Does an ex-spouse lose his/her pension benefits if the plan cannot pay according to the court order?

Let's say the court has ordered that a QDRO should be drafted to give the ex-spouse half of the marital portion of the pension as a lump sum. After the divorce is final, the ex-spouse discovers that the plan doesn't pay lump sums. Does this mean that the ex-spouse loses his or her benefits? If so, how do you protect your clients from this sort of issue?

By Carolyn Grimes
November 11, 2016

Well, this can happen. Let's take one example where you have a property settlement agreement and you've drafted it saying that your client should get the lump sum. You didn't check to make sure whether or not the lump sum could be gotten, or you were given the information that it could have and that turns out to be erroneous. In the drafting, the way you protect your client is to provide an alternative.

If the plan does not allow lump sum, generally the alternative is the payments that the plan does allow. A QDRO can't be in effect to order the plan to pay benefits other than the way the plan is set up to pay benefits. You can't force them to give a lump sum. If you're going to take an unusual distribution, and a lump sum is pretty unusual, always provide an alternative in your drafting.

The other example is, let's say the court has ordered a lump sum. There is no agreement. You didn't have any way to protect your client in advance.
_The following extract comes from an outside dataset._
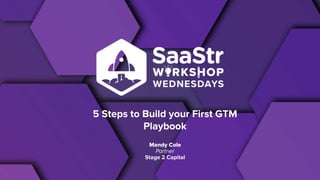 5 Steps to Build your First GTM
Playbook
Mandy Cole
Partner
Stage 2 Capital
The court had then ordered something that can't be done because the plan says, “No, I won't pay it that way.” In Virginia, what you would do is go back to the judge and say, “Your honor, we need to modify the payment terms of your order,” because here you can't modify a final decree once it's been entered but you can address issues and enforcement. Whether or not you can be protected in that way depends on how your state law handles those types of issues.

That they've ordered of benefits that can't be paid in the way it is to be paid. It's a federal law, so the law that the plan is not allowed to pay benefits in a way that aren't in its plan trumps a state order. The remedy in the state court is going to vary by state. What probably most practitioners should do if a court is ordering a lump sum is ask the court at the time that it's being ordered, that if the plan doesn't honor the lump sum, an alternate payment is put into effect then.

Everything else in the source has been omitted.